I am an Uber Driver. I have been wanting changes like this ever since I started driving. I saw people asking, 'how does this make drivers less employee like?' I'll tell you this. It makes us feel less like employees when we actually have enough information to choose whether or not we want to take a ride. Now we will be able to see the estimated fare before we take a specific ride. There will be no more driving 20 minutes to a ride only to discover that it will be a half mile ride that wastes another twenty minutes at a convenience store netting us $3 for 40 minutes of our time. I will simply skip any ride like that. We feel less like employees and more like the contractors we are supposed to be when we know why Uber gets a certain percentage of the fare. I wholeheartedly agree with the changes Uber is making.
I don't really understand. It sounds great that the drivers would have enough information to decide whether to take a ride or not, but what does this have to do with stopping upfront pricing? In my ideal world, the driver knows everything about the proposed ride, and the rider knows the exact cost of it. Why is that not possible?
Variable payout means some form of fare bidding on driver side, as drivers can reject rides that are too low.

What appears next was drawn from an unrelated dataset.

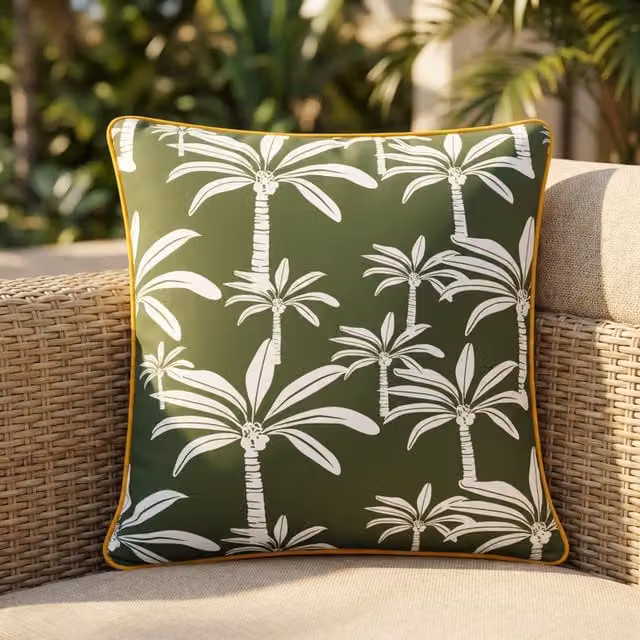Cuscino arredo KASANOVA con motivo palme verde, idrorepellente e lavabile, L 50 cm x P 50 cm x H 50 cm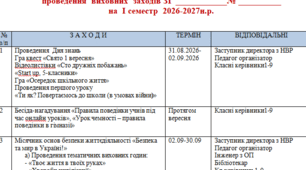 План проведення  виховних  заходів школи на на  І семестр  2026-2027н.р.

On top of that, they are capping their commission to 25%, meaning that they can't use more profitable rides to offset losses from less profitable ones.
Those two factors combined, means Uber cannot offer fixed pricing upfront without incurring loss.
Can one not simply show the driver the price and let them reject if too low? I don't think variable payout is the thing that lets drivers see the price and reject. Besides, if too many drivers are rejecting rides because of pricing, it would allow Uber to set higher minimum pricing and/or wait times.
Variable pricing also doesn't mean the second - it simply limits the amount they take from it. They still have tools like minimum pricing. I'd even say minimum pricing would be more beneficial to drivers and wouldn't seem unreasonable to customers (of course, they might just choose to walk short distances).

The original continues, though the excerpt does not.